Students present social justice presentations

For the second year in a row, freshman students competed against each other with their social justice presentations.

In January, freshman students started a group project on something they thought needed awareness and needed to be talked about. They were told to do extensive research on their topic and that they would compete with their projects in the black box.

“ We thought it would be cool to incorporate a large project that gave the students some autonomy and some choice in what they do. With my class, we did one day a week for a long time, and then after spark week, I had a couple solid good weeks where they worked on it every single day. And then we had a final competition in the black box,” said English teacher Amy Alderson.

The idea of the project was teach students about topics that need to be more talked about. They encouraged students to pick a topic they could relate to.

“Choose what you’re passionate about and do that,” said freshman Jasmine Monda.

During the competition in the black box, the students would present their project to other students from the seven freshman English classes, and then the judges would decide a winner or winning group.

“It was just the freshmen because the teachers on the freshman team that did it,” Alderson said.

The winners were Arianna Knowles, Chloe Dones, Kayla Keaskowski and Amber Lehman for their presentation on mental health. It was about struggles of having anxiety and ADHD.

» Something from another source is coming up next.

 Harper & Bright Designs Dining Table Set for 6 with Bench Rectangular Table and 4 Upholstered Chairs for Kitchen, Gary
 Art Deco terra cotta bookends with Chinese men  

“I chose mental health because I suffer from anxiety and a lot of my friends have depression and anxiety, so I had a lot of knowledge on it. A lot of people here don’t know about it and a lot of people get bullied because of it. Everytime I see people get bullied, it hurts me as well because it’s not their fault; they had no choice,” Lehman said.

Along with learning about topics, students also got to learn a lot about how to cite sources and how to present for something like this.

“It definitely taught me how to present better. My teacher gave me some tips on how to present myself, how to I should talk and stuff, and I think I’ll be able to talk a lot better,” Lehman said.

This project has also prepared them more for later in their high school career for things like History Fair.

“I do think that it will be less of a shock when they get to History Fair or some of the other big research things they have to do later on,” Alderson said.